*Exercise data*
==================================================
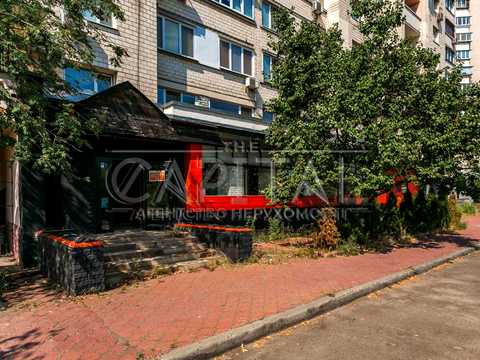 коммерческая по адресу Владимира Ивасюка просп. (Героїв Сталінграду), 20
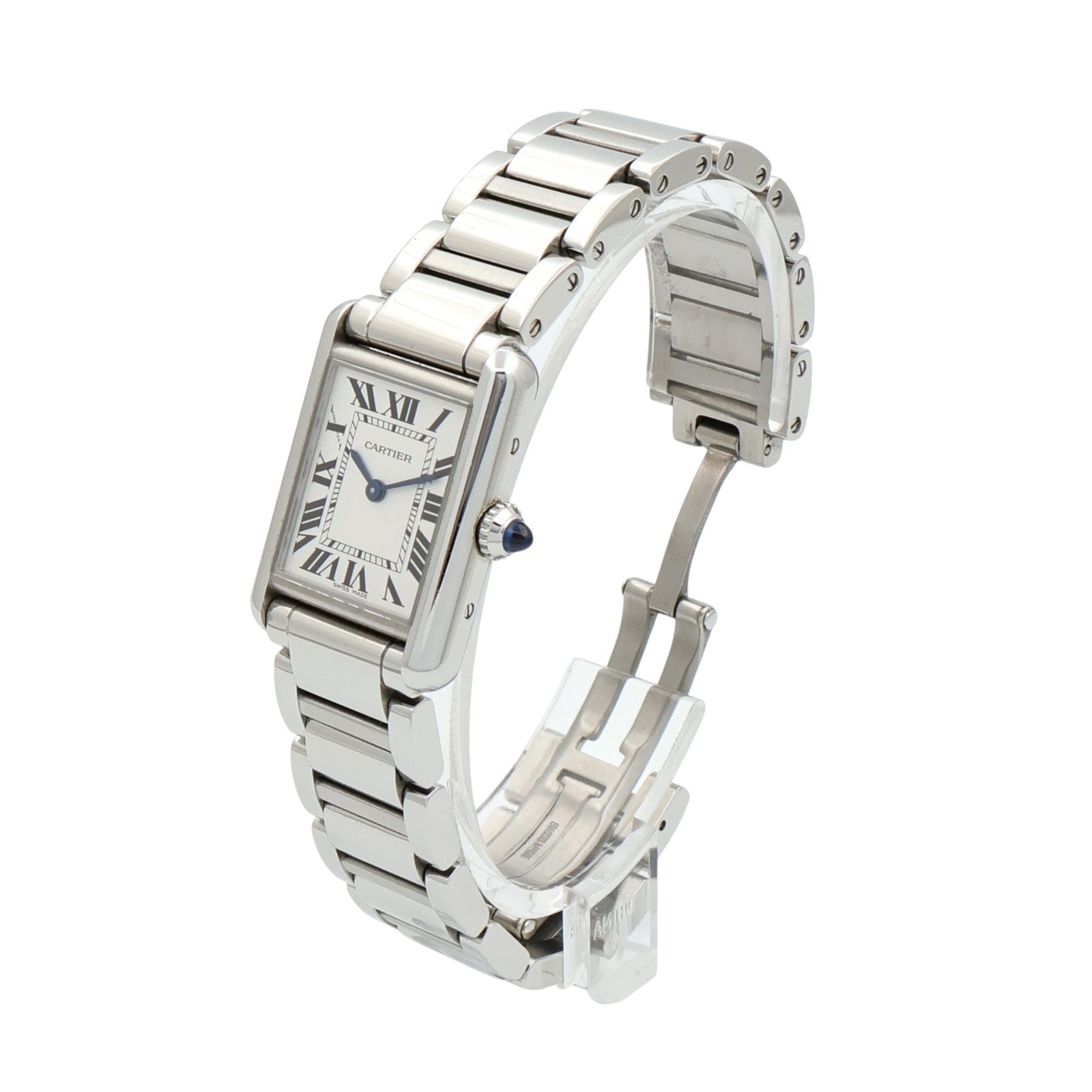 CARTIER Tank Must WSTA0107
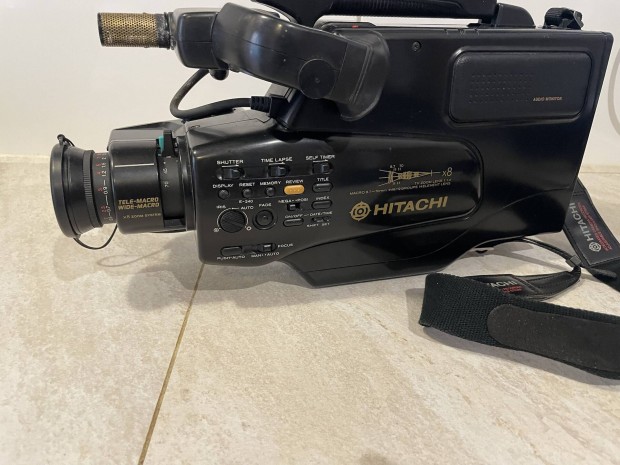 Hitachi Videokamera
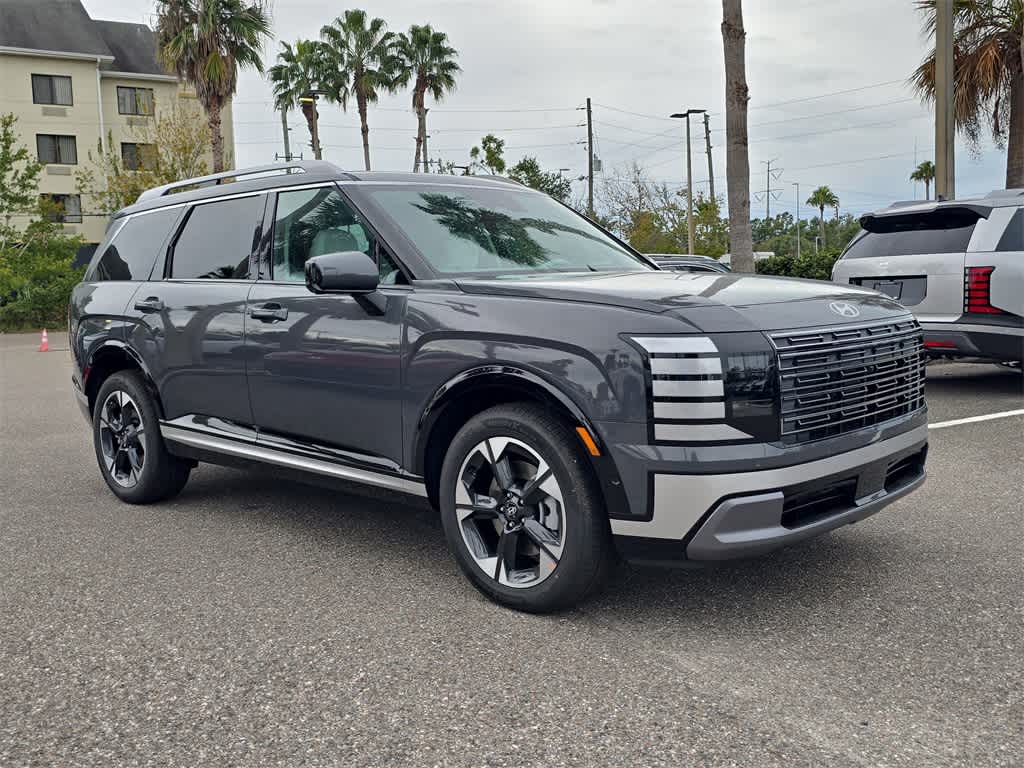 Thumbnail: 2026 Hyundai Palisade - 8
==================================================
Repeat the material above exactly. Leave every picture out of it.

 коммерческая по адресу Владимира Ивасюка просп. (Героїв Сталінграду), 20
 CARTIER Tank Must WSTA0107
 Hitachi Videokamera
 Thumbnail: 2026 Hyundai Palisade - 8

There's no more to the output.